The Conservatives had so much there in front of them. All the opposition did. They were reviewing the growing mountain of government contracts issued to consultants, including $116-million and counting to the high-priced freelance business gurus of McKinsey & Co.
But what the MPs really wanted, especially the Conservative MPs, was to centre it on Dominic Barton, the silver-haired former global managing director of the McKinsey’s gargantuan consulting business, a Canadian who was recruited by the Liberals as a dollar-a-day adviser on economic growth, and later ambassador to China.
Mr. Barton is a wealthy, globe-trotting Master of the Universe, and when he appeared Wednesday before the Commons committee on government operations and estimates committee, the goal for Conservative MPs was making him the central character of this tale – a tale that would portray him as a close personal buddy of Justin Trudeau who used his personal connections to wangle contracts.

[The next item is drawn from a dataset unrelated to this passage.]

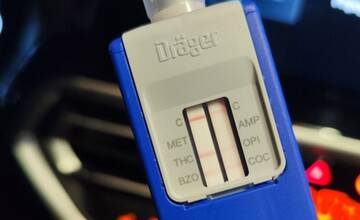 FOTO: Polícia zadržala vodiča pod vplyvom drog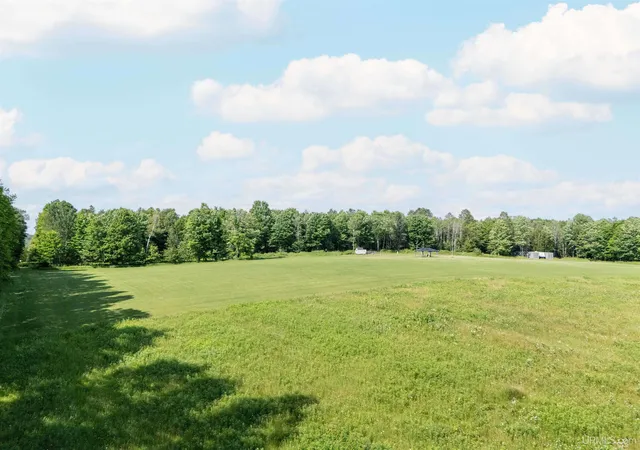 4th image of 10399 E Porcupine Lake Rd, Long Lake, WI 54542 | MLS# 50213670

But they didn’t land their white whale. It’s too bad they don’t cast their nets wider, because there are plenty of fish in the sea of problems around government consulting contracts, including McKinsey’s.
Conservative MP Stephanie Kusie had rapid-fire questions about Mr. Barton’s relationship with Mr. Trudeau, but Mr. Barton told the committee that he didn’t recognize Mr. Trudeau when he first met him in an elevator in 2013 on his way to meet Conservative finance minister Jim Flaherty – and he’s no friend now. Mr. Barton said he’s never been in a room alone with the PM, doesn’t support the Liberals, and never had any involvement with Canadian government.
There was disappointment in Ms. Kusie’s eyes.
You can see why the Conservatives would like the contracting story to be about the relationship between Mr. Trudeau and Mr. Barton.
Mr. Barton is a picture of the global elite, and the firm he once led later spent US$600-million to settle U.S. lawsuits over the advice it gave drug companies on how to “turbocharge” opioid sales. The idea that the PM personally steered contracts to him is an opposition party’s dream. They focused on that idea.
But they didn’t elicit anything to make that case. Truth be told, much of the interrogation from MPs of all parties didn’t go anywhere. And the thing is, the opposition don’t need a McKinsey millionaire holding a smoking gun with Justin Trudeau to make the mountain of consulting contracts an ugly mess for the Liberals.
The growth of outsourcing, now $15-billion a year, is itself a measure of bloat. There are embarrassments like ArriveCan. Carleton University professor Amanda Clarke testified this week that the consulting and outsourcing explosion is a sign of deep problems in the public service, but McKinsey is just a small part. Broad government dysfunction should be worth a look.
And yes, MPs should also be looking at why McKinsey’s business with Ottawa grew so quickly between 2017 and 2022. They are a pricey firm, and there’s not a ton of public detail of what they did for all that money.
Although Mr. Barton was not a friend of Mr. Trudeau, he did tell the committee he was acquainted with Chrystia Freeland, now Deputy Prime Minister, before Mr. Trudeau’s Liberals were in government.
He didn’t note that it was Gerald Butts, Mr. Trudeau’s principal secretary from 2015 to 2019, who made efforts to lure him to a government post. Mr. Barton was recruited to the head the government’s advisory committee on economic growth, and was influential: One senior official privately joked he was the unofficial finance minister. Mr. Butts tried, and failed, to recruit Mr. Barton to be ambassador to China in 2016, but he took that post in 2019 after he left McKinsey.
Mr. Barton said there was no link between his government roles and McKinsey contracts. Even so, it is possible that some officials might have seen McKinsey as the in-crowd’s consultant. McKinsey partners in Canada, at least, appeared to think it might open doors.
Conservative MP Garnett Genuis brought forward a 2020 e-mail in which McKinsey Canada partner Kevin d’Entremont approached an official at Public Services and Procurement Canada to offer services along with the firm’s Canadian managing partner, Andrew Pickersgill – noting Mr. Pickersgill led the team that supported Mr. Barton on the government’s growth council.
Still, that’s not the white whale the Conservatives were hoping to land. But if they look, opposition MPs will still find a whole sea of real problems in all those consulting contracts.